## Task description:
Read the data below. Every line holding the string "Classic" must be copied.

[Brief descriptive captions]
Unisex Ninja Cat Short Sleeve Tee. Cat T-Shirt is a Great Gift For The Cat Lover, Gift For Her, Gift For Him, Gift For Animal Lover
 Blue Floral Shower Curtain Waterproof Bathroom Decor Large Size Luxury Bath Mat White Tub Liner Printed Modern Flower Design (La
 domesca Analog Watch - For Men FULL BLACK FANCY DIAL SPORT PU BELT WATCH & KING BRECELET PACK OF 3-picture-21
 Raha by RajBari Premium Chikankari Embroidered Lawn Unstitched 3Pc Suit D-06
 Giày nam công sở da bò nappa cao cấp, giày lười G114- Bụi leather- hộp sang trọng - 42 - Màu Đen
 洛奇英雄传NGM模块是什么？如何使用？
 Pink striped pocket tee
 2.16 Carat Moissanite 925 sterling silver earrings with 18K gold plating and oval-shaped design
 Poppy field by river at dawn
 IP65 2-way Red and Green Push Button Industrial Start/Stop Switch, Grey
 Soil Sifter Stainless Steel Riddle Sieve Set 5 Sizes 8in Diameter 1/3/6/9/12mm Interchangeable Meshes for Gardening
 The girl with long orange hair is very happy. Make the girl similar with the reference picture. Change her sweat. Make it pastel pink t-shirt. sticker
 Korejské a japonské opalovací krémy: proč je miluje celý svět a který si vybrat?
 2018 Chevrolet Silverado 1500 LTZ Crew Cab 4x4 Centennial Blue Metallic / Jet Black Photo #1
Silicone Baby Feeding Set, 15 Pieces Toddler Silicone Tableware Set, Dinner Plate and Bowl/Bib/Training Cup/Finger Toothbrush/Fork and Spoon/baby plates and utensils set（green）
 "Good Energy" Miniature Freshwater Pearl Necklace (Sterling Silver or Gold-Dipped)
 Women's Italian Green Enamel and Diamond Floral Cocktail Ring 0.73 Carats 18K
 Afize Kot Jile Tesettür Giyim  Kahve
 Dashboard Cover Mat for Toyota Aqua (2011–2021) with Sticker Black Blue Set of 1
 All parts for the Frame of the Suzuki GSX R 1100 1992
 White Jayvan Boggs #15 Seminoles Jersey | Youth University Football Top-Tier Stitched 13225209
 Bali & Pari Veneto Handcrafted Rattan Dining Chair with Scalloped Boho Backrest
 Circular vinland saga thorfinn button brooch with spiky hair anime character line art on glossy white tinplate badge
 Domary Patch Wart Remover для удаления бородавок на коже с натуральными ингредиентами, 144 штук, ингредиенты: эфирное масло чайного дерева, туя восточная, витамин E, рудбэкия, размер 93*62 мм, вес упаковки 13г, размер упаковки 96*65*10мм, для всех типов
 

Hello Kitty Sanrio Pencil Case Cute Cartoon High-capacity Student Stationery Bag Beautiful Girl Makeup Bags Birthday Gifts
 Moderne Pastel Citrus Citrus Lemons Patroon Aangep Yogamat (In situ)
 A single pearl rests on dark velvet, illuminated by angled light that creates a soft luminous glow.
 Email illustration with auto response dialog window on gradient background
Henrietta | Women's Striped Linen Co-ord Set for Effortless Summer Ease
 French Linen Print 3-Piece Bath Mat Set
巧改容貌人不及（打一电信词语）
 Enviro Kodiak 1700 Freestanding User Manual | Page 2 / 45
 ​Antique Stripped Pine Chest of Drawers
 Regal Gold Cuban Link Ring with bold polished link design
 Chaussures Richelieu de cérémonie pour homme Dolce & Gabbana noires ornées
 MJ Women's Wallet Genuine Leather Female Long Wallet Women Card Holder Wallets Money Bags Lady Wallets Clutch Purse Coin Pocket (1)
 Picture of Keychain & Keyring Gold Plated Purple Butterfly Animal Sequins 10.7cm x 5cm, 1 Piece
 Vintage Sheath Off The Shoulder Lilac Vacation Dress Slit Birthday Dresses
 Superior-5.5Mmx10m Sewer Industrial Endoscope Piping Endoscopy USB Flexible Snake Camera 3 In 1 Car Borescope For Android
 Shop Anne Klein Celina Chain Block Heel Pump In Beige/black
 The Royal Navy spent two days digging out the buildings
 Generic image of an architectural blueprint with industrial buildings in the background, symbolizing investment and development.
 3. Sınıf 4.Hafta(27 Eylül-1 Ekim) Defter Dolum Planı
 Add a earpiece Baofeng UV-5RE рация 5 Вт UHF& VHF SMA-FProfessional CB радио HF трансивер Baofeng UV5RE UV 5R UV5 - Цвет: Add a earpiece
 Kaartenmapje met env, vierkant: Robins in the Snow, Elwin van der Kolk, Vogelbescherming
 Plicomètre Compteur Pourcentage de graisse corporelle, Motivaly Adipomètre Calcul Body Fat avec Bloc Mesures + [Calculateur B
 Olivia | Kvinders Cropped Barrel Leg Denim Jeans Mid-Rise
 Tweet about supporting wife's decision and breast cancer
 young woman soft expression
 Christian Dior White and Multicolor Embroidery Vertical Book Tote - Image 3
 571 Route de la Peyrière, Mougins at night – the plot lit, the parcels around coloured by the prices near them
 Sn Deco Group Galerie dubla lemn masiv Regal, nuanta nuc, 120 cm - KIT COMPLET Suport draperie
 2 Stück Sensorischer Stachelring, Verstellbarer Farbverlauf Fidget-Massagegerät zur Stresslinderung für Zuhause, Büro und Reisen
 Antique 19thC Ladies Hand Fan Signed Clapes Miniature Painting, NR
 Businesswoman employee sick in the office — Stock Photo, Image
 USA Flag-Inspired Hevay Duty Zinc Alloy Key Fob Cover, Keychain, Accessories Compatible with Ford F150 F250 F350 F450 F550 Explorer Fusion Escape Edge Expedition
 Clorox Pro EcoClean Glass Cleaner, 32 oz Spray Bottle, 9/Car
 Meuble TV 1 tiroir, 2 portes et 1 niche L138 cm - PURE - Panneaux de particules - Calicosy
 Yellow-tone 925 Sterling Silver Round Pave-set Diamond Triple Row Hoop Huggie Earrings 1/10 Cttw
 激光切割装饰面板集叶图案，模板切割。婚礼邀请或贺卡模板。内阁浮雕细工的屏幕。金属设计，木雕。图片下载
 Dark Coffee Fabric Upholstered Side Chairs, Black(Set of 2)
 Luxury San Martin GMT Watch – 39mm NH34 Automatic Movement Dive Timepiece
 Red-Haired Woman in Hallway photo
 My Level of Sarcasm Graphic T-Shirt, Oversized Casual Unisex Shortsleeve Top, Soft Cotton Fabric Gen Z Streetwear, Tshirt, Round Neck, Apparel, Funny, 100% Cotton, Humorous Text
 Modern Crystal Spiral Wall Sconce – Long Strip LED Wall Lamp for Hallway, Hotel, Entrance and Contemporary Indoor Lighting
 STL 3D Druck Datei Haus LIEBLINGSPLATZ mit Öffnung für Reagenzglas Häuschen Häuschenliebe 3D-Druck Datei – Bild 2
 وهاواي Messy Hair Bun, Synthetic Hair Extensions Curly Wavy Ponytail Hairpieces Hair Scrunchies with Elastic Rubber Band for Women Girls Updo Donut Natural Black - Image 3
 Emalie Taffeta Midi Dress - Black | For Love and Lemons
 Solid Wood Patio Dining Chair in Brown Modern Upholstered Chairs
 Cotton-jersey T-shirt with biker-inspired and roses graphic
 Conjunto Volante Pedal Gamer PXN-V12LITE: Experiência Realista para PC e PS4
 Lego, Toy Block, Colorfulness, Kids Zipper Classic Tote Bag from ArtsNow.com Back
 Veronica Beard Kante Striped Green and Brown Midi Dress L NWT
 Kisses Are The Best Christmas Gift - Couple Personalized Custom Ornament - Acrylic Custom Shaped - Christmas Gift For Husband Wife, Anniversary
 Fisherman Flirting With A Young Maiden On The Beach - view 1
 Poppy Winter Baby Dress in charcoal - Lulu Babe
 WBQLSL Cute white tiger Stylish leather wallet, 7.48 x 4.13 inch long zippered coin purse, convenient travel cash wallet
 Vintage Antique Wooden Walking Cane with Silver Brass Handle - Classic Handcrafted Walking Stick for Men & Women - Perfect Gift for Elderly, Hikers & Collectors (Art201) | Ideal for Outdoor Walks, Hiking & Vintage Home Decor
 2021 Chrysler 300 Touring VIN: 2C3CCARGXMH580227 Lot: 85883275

## Exercise output:
 Lego, Toy Block, Colorfulness, Kids Zipper Classic Tote Bag from ArtsNow.com Back
 Vintage Antique Wooden Walking Cane with Silver Brass Handle - Classic Handcrafted Walking Stick for Men & Women - Perfect Gift for Elderly, Hikers & Collectors (Art201) | Ideal for Outdoor Walks, Hiking & Vintage Home Decor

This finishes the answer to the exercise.